= Telecommunications in Spain =

Telecommunications in Spain is accomplished through the transmission of information by various types of technologies within Spain.

== History ==
Telephone calls began being made in Spain in the late 19th century, around the time when the state took control of phone services, which in turn granted the operation of the service to private bodies.

In the early and mid 20th century, Compañía Telefónica Nacional de España (CTNE) effectively monopolised Spanish telecommunications, which was founded in 1924. The same year, a submarine telephone cable connecting Algeciras with the territory of Ceuta facilitated cross-strait communication during the Rif War.
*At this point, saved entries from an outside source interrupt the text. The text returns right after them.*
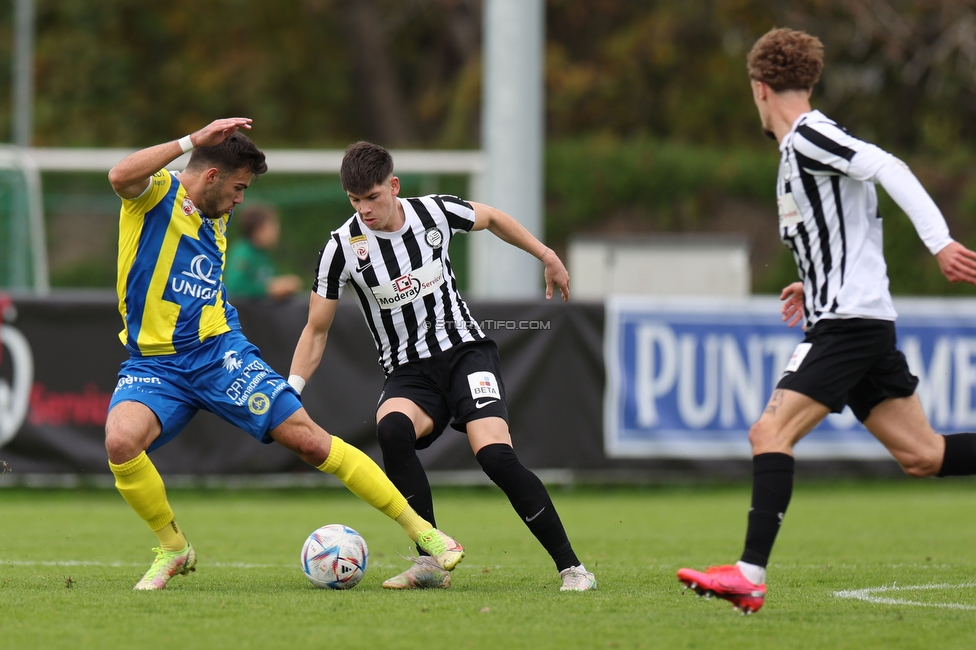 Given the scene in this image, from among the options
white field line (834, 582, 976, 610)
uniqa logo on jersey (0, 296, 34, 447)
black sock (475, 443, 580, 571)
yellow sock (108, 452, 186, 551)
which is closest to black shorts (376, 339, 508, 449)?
black sock (475, 443, 580, 571)

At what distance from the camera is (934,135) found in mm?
23891

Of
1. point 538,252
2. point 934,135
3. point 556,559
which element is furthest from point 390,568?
point 934,135

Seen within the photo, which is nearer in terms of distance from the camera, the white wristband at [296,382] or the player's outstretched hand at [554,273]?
the white wristband at [296,382]

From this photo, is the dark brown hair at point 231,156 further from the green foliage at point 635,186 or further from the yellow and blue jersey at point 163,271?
the green foliage at point 635,186

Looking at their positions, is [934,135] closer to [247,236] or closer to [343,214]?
[343,214]

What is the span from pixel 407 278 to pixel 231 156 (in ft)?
3.30

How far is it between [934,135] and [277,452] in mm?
17115

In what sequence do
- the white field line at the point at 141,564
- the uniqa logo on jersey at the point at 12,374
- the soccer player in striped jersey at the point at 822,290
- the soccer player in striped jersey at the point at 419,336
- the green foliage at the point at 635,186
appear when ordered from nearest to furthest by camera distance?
the soccer player in striped jersey at the point at 822,290 → the soccer player in striped jersey at the point at 419,336 → the white field line at the point at 141,564 → the uniqa logo on jersey at the point at 12,374 → the green foliage at the point at 635,186

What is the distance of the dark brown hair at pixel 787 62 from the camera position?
16.8 feet

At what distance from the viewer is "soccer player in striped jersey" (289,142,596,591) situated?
19.0ft

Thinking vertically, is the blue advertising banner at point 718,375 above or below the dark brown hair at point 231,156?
below

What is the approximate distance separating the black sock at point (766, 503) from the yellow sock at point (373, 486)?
1628 millimetres

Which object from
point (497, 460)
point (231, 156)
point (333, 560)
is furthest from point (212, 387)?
point (497, 460)

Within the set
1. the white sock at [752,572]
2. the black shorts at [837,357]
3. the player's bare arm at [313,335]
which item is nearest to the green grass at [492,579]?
the white sock at [752,572] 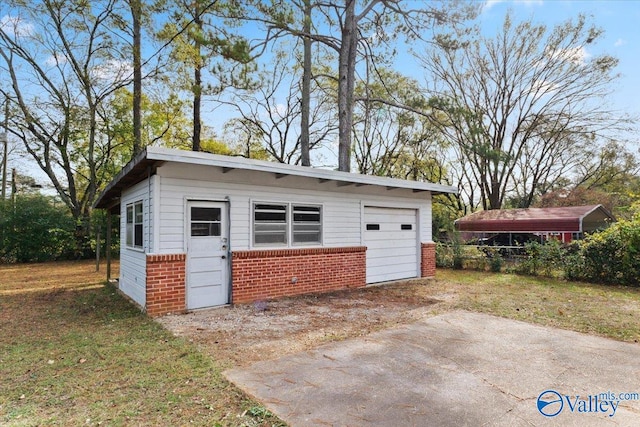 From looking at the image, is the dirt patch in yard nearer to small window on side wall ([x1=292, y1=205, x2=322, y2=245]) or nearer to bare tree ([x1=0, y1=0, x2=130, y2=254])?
small window on side wall ([x1=292, y1=205, x2=322, y2=245])

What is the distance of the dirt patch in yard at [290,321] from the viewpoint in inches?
161

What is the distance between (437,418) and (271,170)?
458 centimetres

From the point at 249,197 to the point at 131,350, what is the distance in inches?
127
In 1926, two switchboards were set up in Santander and Madrid, the latter by Alfonso XIII.

During his rule, Francisco Franco became a major shareholder in CTNE, and recentralised state control of telecommunications. In 1957, the Madrid-Zaragoza-Barcelona fibre optic cable was installed. However, public telephones were not installed until the 1960s. As of 2015, there were around 25,000 remaining public phones in Spain.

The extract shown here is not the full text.